WORK TASK
Print, exactly as they stand, the lines from the start of the listing to the line containing "Paella Pan Stainless", inclusive.

MATERIAL TO PROCESS
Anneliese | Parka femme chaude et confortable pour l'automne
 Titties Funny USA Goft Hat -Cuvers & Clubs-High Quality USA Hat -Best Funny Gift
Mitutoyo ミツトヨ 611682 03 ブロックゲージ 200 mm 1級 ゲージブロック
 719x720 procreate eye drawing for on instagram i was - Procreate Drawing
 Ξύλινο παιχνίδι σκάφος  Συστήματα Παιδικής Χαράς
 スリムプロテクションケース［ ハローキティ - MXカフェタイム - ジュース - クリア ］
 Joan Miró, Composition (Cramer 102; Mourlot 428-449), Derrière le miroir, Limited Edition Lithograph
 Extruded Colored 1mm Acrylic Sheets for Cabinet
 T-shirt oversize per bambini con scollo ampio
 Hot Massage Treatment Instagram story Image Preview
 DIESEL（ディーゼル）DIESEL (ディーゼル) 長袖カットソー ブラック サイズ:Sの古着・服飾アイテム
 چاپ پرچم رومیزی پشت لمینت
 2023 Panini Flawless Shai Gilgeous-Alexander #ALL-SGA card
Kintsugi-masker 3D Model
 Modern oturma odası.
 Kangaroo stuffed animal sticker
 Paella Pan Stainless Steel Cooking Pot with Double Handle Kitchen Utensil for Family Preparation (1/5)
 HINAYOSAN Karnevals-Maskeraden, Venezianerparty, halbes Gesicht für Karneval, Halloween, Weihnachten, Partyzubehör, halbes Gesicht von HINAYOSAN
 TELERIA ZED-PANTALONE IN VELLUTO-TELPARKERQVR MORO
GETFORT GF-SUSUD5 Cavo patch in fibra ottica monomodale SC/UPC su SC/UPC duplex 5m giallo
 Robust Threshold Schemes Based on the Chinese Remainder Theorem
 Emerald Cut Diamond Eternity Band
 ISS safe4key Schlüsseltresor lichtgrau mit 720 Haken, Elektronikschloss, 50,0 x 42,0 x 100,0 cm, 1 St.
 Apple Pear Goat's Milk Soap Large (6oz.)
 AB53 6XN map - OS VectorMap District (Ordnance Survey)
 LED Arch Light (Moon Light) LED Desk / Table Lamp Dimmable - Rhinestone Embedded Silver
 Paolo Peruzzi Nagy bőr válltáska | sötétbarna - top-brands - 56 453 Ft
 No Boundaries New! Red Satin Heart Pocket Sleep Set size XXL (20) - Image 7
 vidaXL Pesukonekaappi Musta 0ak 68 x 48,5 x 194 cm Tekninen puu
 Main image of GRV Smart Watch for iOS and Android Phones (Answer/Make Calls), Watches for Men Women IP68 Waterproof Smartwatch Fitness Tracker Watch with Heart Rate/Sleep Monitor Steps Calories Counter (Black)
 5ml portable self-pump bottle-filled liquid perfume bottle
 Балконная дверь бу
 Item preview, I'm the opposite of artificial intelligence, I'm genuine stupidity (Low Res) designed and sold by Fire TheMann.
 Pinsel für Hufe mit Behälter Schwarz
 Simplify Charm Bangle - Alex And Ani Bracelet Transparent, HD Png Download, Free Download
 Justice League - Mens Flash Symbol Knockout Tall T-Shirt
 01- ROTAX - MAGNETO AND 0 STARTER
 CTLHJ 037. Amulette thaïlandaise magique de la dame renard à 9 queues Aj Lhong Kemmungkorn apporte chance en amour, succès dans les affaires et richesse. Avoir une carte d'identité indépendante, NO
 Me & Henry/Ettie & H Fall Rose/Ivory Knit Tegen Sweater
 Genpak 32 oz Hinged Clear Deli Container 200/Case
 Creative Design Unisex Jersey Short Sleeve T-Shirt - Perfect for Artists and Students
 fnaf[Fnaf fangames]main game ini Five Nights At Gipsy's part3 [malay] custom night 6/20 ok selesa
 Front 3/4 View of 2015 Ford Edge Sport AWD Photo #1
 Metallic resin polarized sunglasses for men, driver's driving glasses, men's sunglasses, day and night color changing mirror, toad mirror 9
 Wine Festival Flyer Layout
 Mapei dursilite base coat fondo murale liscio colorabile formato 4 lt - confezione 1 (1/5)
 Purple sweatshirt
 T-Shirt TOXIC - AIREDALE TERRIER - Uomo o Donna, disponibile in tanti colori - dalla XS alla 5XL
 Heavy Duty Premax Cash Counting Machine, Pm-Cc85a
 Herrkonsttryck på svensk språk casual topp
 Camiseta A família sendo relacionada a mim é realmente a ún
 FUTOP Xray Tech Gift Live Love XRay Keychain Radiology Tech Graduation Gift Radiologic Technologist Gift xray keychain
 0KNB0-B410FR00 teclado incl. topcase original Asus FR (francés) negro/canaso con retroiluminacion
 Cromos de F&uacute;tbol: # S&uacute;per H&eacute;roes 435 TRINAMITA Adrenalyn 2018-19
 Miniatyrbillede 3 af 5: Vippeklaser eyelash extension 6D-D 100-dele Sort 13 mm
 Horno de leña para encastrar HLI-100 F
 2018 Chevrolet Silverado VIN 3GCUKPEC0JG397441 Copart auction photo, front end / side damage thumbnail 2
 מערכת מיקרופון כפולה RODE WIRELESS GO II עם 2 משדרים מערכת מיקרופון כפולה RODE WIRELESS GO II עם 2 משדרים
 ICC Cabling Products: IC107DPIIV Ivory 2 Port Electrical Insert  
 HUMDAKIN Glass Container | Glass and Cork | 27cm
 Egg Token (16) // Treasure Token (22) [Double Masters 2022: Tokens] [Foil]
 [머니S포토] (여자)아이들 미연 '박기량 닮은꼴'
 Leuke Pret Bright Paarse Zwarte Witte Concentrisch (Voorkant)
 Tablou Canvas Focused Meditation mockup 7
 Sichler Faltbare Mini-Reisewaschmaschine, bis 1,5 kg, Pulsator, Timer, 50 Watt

ANSWER BOX
Anneliese | Parka femme chaude et confortable pour l'automne
 Titties Funny USA Goft Hat -Cuvers & Clubs-High Quality USA Hat -Best Funny Gift
Mitutoyo ミツトヨ 611682 03 ブロックゲージ 200 mm 1級 ゲージブロック
 719x720 procreate eye drawing for on instagram i was - Procreate Drawing
 Ξύλινο παιχνίδι σκάφος  Συστήματα Παιδικής Χαράς
 スリムプロテクションケース［ ハローキティ - MXカフェタイム - ジュース - クリア ］
 Joan Miró, Composition (Cramer 102; Mourlot 428-449), Derrière le miroir, Limited Edition Lithograph
 Extruded Colored 1mm Acrylic Sheets for Cabinet
 T-shirt oversize per bambini con scollo ampio
 Hot Massage Treatment Instagram story Image Preview
 DIESEL（ディーゼル）DIESEL (ディーゼル) 長袖カットソー ブラック サイズ:Sの古着・服飾アイテム
 چاپ پرچم رومیزی پشت لمینت
 2023 Panini Flawless Shai Gilgeous-Alexander #ALL-SGA card
Kintsugi-masker 3D Model
 Modern oturma odası.
 Kangaroo stuffed animal sticker
 Paella Pan Stainless Steel Cooking Pot with Double Handle Kitchen Utensil for Family Preparation (1/5)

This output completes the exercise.